## [Task instructions]
Please, without the pictures, restate every entry exactly.

[[ Entries supplied, beginning ]]

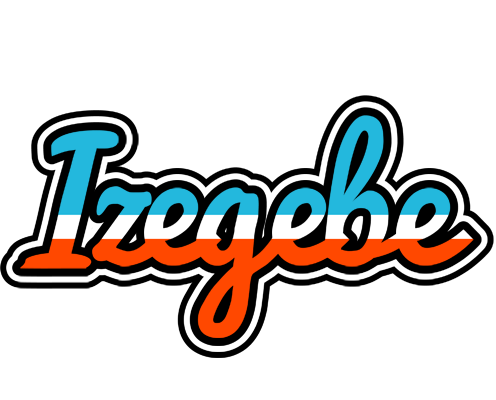 Izegebe america logo
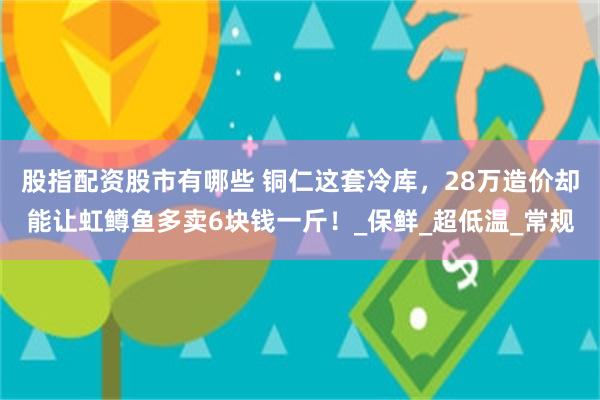 股指配资股市有哪些 铜仁这套冷库，28万造价却能让虹鳟鱼多卖6块钱一斤！_保鲜_超低温_常规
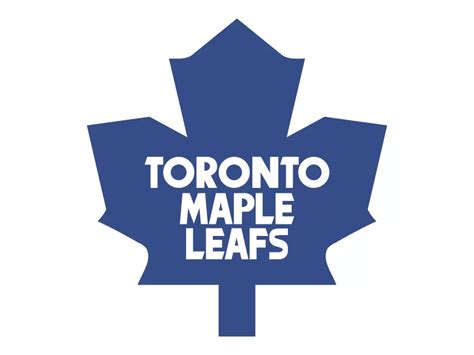 Toronto Maple Leafs Logo Png Vector In Svg Pdf Ai Cdr Format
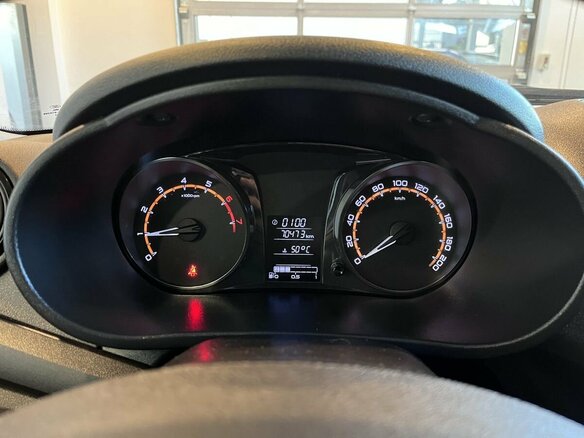 2018 Lada (ВАЗ) Granta I Рестайлинг, серебристый, 580000 рублей - вид 10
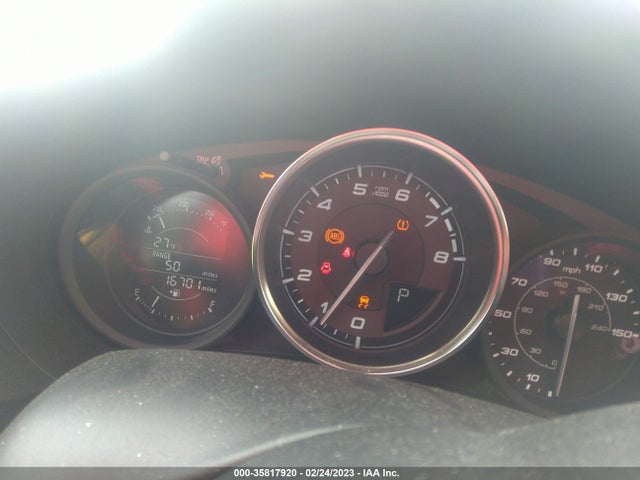 JC1NFAEK9J0139563 Fiat 124 Spider Lusso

[[ Entries supplied, end ]]

## [Answer section]
 Izegebe america logo
 股指配资股市有哪些 铜仁这套冷库，28万造价却能让虹鳟鱼多卖6块钱一斤！_保鲜_超低温_常规
 Toronto Maple Leafs Logo Png Vector In Svg Pdf Ai Cdr Format
 2018 Lada (ВАЗ) Granta I Рестайлинг, серебристый, 580000 рублей - вид 10
 JC1NFAEK9J0139563 Fiat 124 Spider Lusso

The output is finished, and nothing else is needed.